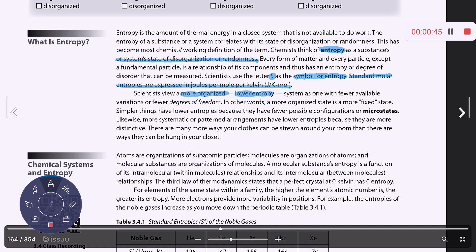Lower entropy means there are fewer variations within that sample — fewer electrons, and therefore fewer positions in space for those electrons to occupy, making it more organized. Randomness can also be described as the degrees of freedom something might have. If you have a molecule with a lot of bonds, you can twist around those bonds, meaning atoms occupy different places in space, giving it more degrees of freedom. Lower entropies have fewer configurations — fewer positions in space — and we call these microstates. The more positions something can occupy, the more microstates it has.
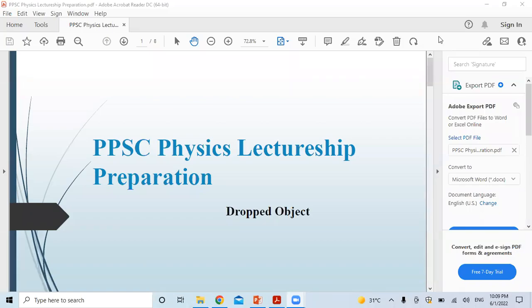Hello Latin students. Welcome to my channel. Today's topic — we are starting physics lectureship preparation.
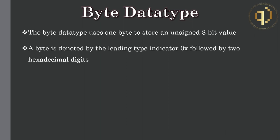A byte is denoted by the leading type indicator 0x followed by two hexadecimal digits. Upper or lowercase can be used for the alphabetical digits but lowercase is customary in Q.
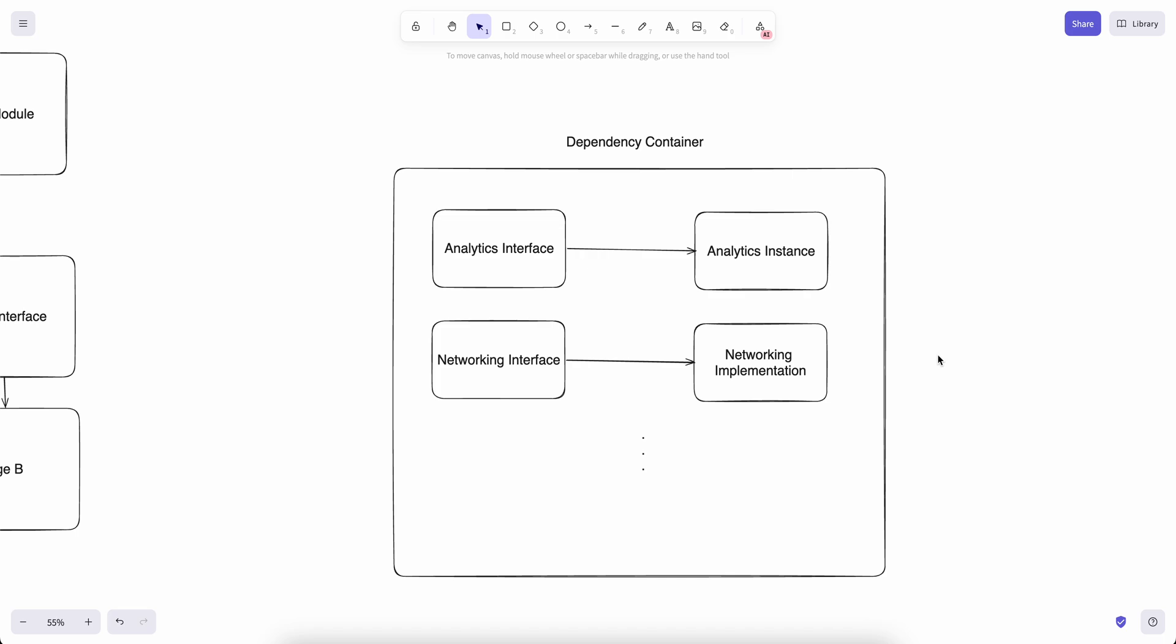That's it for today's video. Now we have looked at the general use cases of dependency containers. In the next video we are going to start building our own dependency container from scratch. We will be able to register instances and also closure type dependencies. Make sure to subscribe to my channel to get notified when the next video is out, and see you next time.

---

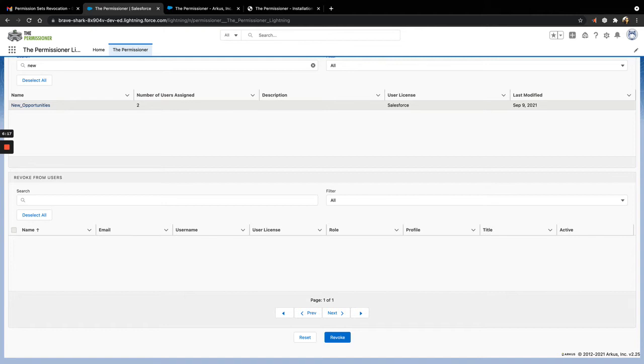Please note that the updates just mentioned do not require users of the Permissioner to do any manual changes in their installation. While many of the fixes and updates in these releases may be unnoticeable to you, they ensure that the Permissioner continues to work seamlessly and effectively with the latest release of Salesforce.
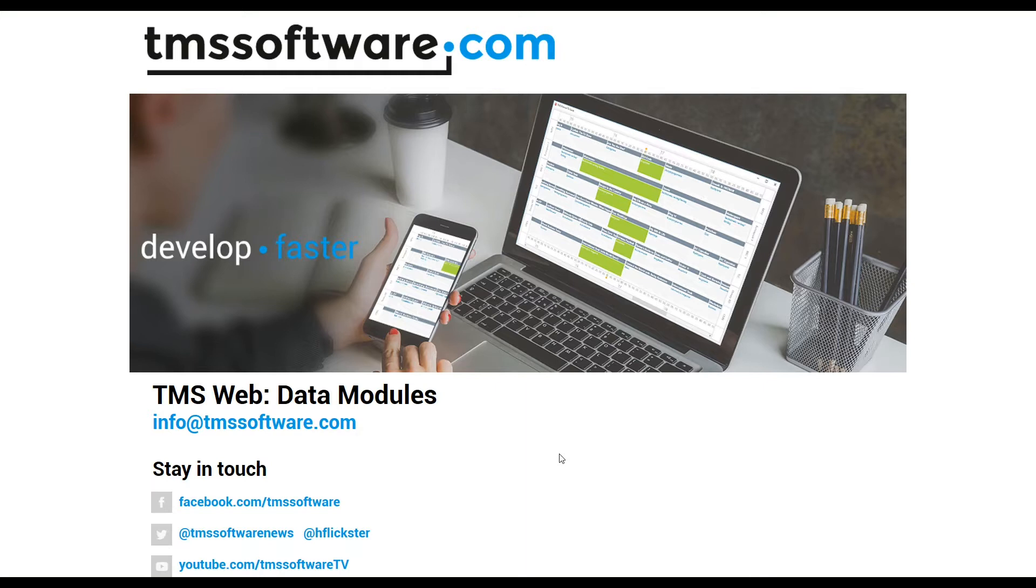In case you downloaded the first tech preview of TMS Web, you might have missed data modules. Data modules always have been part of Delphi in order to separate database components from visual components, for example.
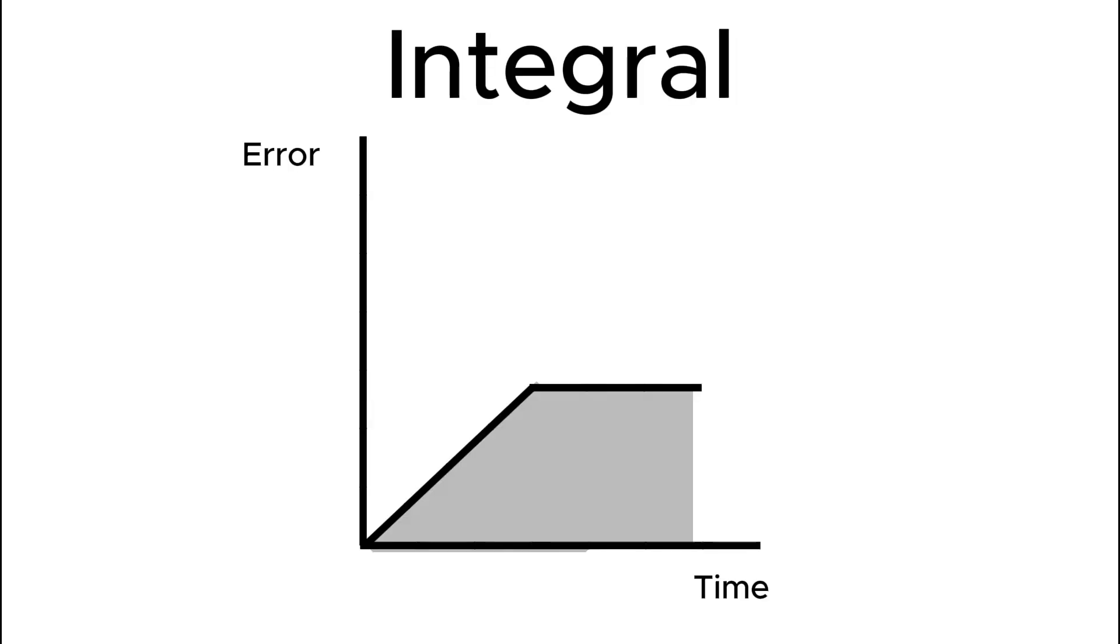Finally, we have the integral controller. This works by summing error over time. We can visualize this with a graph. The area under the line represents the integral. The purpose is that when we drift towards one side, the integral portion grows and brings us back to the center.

---

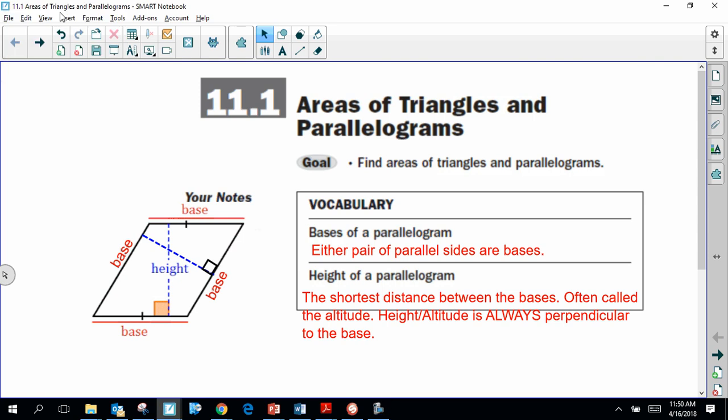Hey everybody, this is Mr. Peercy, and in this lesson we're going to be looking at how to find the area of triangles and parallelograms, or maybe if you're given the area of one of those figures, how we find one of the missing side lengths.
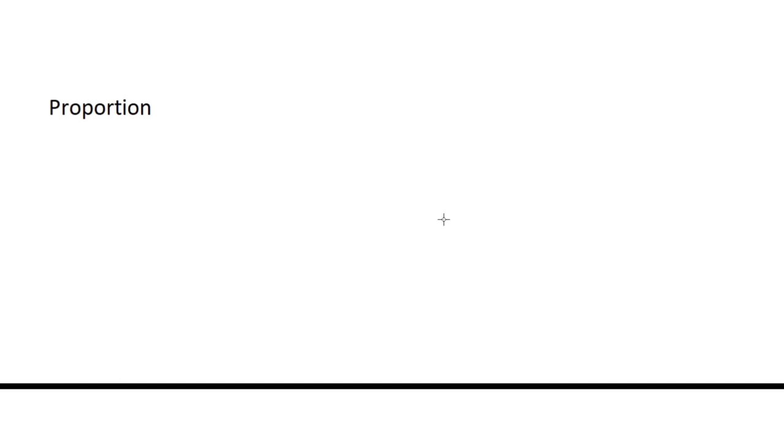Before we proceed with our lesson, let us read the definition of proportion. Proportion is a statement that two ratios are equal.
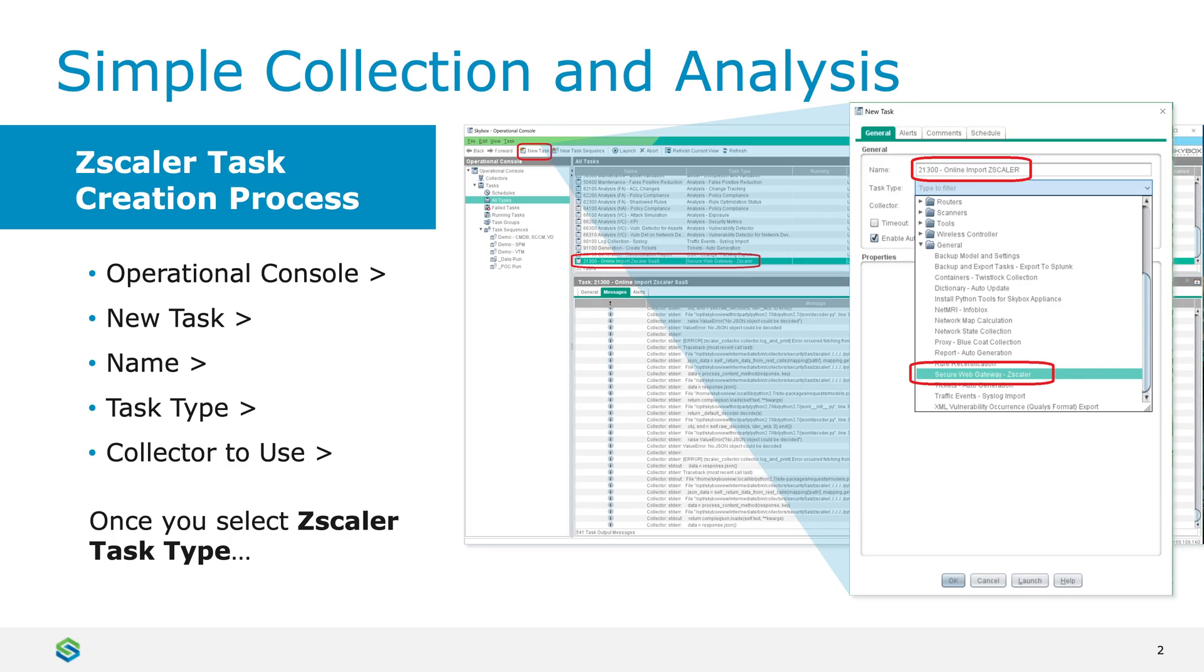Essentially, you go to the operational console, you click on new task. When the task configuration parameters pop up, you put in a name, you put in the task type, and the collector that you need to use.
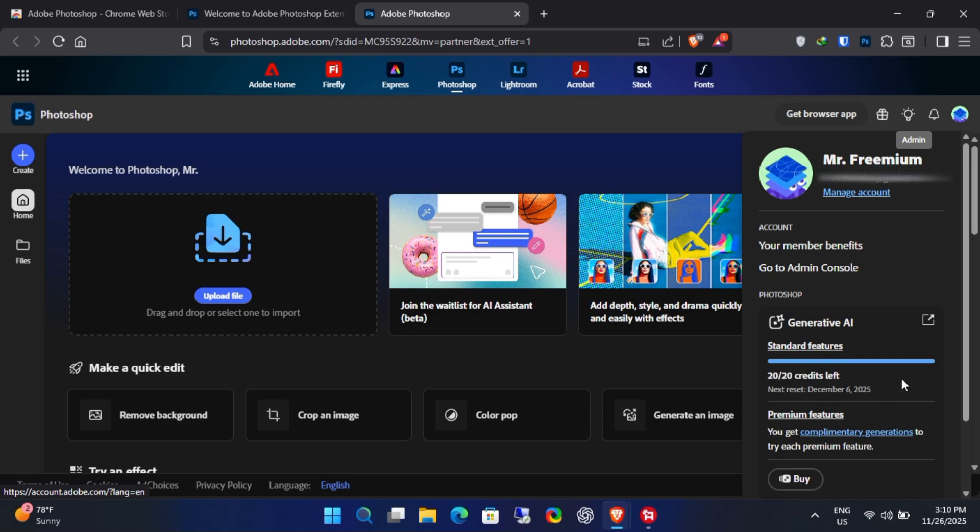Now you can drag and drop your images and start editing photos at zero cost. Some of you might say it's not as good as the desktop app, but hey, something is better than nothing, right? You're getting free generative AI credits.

▶ WORK REQUIRED
Out of the records above, return only the lines from the one with "Please note that" through the one with "Finally, we have", exactly, and none of the pictures.

▶ WRITTEN SOLUTION
Please note that the updates just mentioned do not require users of the Permissioner to do any manual changes in their installation. While many of the fixes and updates in these releases may be unnoticeable to you, they ensure that the Permissioner continues to work seamlessly and effectively with the latest release of Salesforce.
In case you downloaded the first tech preview of TMS Web, you might have missed data modules. Data modules always have been part of Delphi in order to separate database components from visual components, for example.
Finally, we have the integral controller. This works by summing error over time. We can visualize this with a graph. The area under the line represents the integral. The purpose is that when we drift towards one side, the integral portion grows and brings us back to the center.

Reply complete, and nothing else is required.